Research has demonstrated that a high-fat, low-fiber diet (common in the U.S.) causes an imbalance in the gut microbiome—the community of trillions of bacteria, good and bad, that line the walls of the human digestive system. In recent years, evidence has grown that a maternal high-fat diet during pregnancy may raise the risk of health problems in the child, ranging from obesity and other metabolic disorders to neurodevelopmental disorders, possibly including autism spectrum disorder.

A research team led by 2019 BBRF Young Investigator Shelly A. Buffington, Ph.D., of the University of Texas Medical Branch, Galveston, recently reported on a series of experiments that extended discoveries they have previously made in rodents. In those studies, they had investigated the impact of a maternal high-fat diet in male offspring. Males born to these mothers themselves were found to have imbalanced microbiomes and to display a variety of social dysfunctions, as well deficits in the plasticity of the synapses across which brain cells communicate.

In their new study, Dr. Buffington and colleagues including Claudia Di Gesù, Ph.D. and Lisa Matz, Ph.D., who were first authors of the team’s paper appearing in Cell Reports, explored multigenerational impacts of a high-fat maternal diet. They confirmed, first, that female offspring of mouse mothers with imbalanced gut microbiomes also had imbalanced microbiomes. The next questions were: would these female offspring, like the male offspring observed in past research, also have social deficits? Further, would their offspring (in effect, “grandchildren” of mouse mothers with high-fat diets) have the same issues—imbalanced microbiomes and behavior issues?

One possible outcome of such research, the team said, was providing insight into whether and how diet-induced pre-pregnancy obesity in humans predisposes offspring to neurodevelopmental disorders. They were also interested in testing, in mice, whether targeted probiotic treatment during pregnancy—introducing helpful microbes—might have a protective role in offspring neurodevelopment.

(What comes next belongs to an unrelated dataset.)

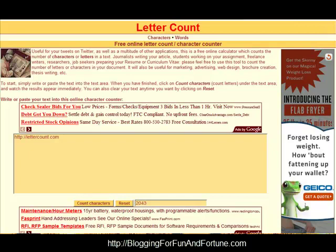This tool is so amazing because you don't have to download anything on your computer. It's 100% free. All you have to do is go to lettercount.com and when you put that URL in your browser, this is the page that's going to come up.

One result of the research was that, in mice at least, female offspring of mothers raised on high-fat diets did have imbalanced microbiomes—as in male offspring, their gut microbe colonies were less complex and lacking in diversity, which is linked with various negative health effects. The female offspring had significant but less severe social deficits than were observed previously in male offspring of the same mothers.

But the next generation—offspring of the female “children” of mothers with high-fat diets—were observed to have normal microbiomes. In this 3rd generation, microbial richness in the gut had mostly been restored. Still, these 3rd-generation female mice did display social deficits.

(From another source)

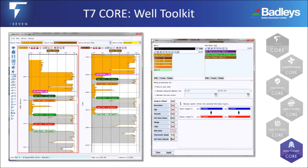T7Core Well Toolkit presents comprehensive interpretation as well as the ability to edit well curves in an intuitive manner, from freehand to controlled stochastic curve creations. Core contains the tools you need to edit or create any curve needed to complete the workflow.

“Our findings emphasize the need to consider [in humans] family history of diet-associated metabolic dysfunction and obesity in the maternal lineage as potential risk factors for neurodevelopmental disorders,” the team said. This advice would pertain “independent of the mother’s own diet, lifestyle, and medical history.” The latter is based on the demonstration that high-fat diet-induced dysregulation of the microbiome in a single generation had behavioral impacts that crossed multiple descendant generations.

Importantly, the team found that if, after weaning, they treated the 3rd-generation mice by transferring to their gut a bacterial species called L. reuteri, no social dysfunction was seen as they matured. In the treated mice, the team observed “a highly significant increase in both reciprocal social interaction and preference for social novelty.” Why? One possible mechanism for the efficacy of the “treatment” was that it promoted the production of microbes that make an abundance of short-chain fatty acids (SCFAs). These molecules are thought to reduce heightened responses to social stress.

The team made another observation of potentially great importance. Treating 3rd-generation mice with L. reuteri modified the composition of the gut microbiome very differently in females and males. The treatment had a much more robust impact in females, increasing the presence of several helpful microbial species. The team noted “the relative malleability of the female gut microbiome [compared with the male] in response to probiotic intervention.”

The pronounced positive reactivity of females to this treatment—and the team suggested other microbial species can probably be found with similar positive impact—suggests to the team the potential value of the prenatal period as a time in which to test microbiome interventions to reduce risk of neurodevelopmental disorders in offspring. Obesity and high-fat diet in the mother, this research suggests, carries behavioral risk for multiple subsequent generations; thus it makes sense to test the idea of “treating” females either during pregnancy or when they are lactating, to see if behavioral risk in newborns can be reduced.  The place to begin, of course, would be in studies with mice or other animals; if successful, such treatments could then be tested in people—among the team’s research objectives.